Excerpted from The Black Scholar, Vol. 47, Aug. 2017

By Jessica Marie Johnson and Mark Anthony Neal

Black Code Studies is queer, femme, fugitive, and radical. As praxis and methodology, it waxes insurgent. It refutes conceptions of the digital that remove black diasporic people from engagement with technology, modernity, or the future. It centers black thought and cultural production across a range of digital platforms, but especially social media, where black freedom struggles intersect with black play and death in polymorphic and polyphonic intimacy.

Black Code Studies roots itself in the challenge of living in the wake of black people rendered inhuman, non-existent, and disposable by the slave ship, the plantation, the colonial state, the prison, the border. Facing devastation again and again, black folks need in and for each other becomes both time-traveling desire and reservoir knowledge. As Gumbs shows, our oracle work seeps up and through tools, structures, analog and digital architecture we were never meant to survive much less occupy.
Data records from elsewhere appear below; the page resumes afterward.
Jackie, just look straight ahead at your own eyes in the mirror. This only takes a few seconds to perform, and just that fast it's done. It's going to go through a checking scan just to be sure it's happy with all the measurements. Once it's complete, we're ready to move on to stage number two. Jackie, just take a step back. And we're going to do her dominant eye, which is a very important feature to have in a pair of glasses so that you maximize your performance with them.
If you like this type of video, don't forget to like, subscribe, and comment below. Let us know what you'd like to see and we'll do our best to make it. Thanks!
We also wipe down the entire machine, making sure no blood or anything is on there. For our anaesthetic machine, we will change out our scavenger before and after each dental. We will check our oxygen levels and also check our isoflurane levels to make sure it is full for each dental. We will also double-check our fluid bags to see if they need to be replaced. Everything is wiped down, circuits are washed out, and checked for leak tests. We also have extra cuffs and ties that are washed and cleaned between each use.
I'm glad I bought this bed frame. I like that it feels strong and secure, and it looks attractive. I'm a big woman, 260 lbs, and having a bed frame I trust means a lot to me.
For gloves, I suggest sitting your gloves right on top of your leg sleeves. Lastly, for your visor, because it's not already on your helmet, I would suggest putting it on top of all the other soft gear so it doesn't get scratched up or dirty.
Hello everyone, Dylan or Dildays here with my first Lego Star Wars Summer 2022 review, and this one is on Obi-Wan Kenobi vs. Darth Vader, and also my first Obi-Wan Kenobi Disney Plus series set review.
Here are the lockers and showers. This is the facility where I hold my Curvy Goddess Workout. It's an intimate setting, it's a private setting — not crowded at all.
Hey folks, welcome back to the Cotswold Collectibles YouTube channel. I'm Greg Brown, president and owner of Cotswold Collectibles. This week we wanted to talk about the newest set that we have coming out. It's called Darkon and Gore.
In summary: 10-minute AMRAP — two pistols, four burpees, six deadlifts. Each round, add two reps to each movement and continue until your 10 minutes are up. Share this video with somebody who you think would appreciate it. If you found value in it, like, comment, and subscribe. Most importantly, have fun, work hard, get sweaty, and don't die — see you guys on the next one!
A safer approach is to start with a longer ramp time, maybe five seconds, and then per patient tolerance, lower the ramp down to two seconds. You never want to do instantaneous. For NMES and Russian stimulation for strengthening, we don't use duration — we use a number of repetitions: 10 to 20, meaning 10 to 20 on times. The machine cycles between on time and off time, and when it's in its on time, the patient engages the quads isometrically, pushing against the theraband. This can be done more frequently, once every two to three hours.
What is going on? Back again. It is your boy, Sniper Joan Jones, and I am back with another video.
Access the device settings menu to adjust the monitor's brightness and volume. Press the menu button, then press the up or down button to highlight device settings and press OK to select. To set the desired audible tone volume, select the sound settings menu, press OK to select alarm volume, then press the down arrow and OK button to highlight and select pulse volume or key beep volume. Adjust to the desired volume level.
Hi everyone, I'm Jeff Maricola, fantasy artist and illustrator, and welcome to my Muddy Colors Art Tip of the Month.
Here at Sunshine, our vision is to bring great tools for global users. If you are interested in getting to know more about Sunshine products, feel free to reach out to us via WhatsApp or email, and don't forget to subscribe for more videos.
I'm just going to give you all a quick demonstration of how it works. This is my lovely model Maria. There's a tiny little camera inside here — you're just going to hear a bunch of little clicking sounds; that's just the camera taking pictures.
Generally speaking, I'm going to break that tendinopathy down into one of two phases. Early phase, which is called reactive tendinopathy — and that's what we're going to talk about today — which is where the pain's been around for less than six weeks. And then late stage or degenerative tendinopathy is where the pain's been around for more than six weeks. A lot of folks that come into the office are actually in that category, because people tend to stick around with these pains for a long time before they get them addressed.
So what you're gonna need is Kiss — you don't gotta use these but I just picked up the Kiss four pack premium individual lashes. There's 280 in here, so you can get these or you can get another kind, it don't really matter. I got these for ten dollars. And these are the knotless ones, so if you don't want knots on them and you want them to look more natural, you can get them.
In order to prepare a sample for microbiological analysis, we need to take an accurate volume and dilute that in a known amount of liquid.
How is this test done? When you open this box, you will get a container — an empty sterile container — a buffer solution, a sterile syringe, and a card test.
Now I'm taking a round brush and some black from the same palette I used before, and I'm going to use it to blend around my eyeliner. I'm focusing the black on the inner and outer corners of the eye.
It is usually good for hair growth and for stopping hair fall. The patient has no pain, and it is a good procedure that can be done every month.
When Cramer and Raengo declare that “black code studies emerges as a way to prepare black studies for an increasingly complex set of cultural rhythms and temporalities,” they capture the context in which this special issue appears in your hands. “Black Code” was conceived at a particular moment in the history of race—or, perhaps more apropos, Blackness—and the digital. In 2002, Alondra Nelson gathered geeks, freaks, and global nerds of color around “Afrofuturism.” Their work—and Nelson’s listserv organizing praxis—pre-dated social media platforms like Twitter, Tumblr, and Facebook. Broadband was not a “public” good yet.

Fifteen years later, protecting and imagining Black Futures is a rallying cry in the face of immediate and structural racial violence. When new platforms or syntax (i.e., hashtags) appear, as Conley shows, black feminists reappropriate them for their own use despite having been created by tech companies for capitalistic pursuits. Protecting our black digital presence is about protecting a future in which our physicality may not matter in the same way that it has in the past.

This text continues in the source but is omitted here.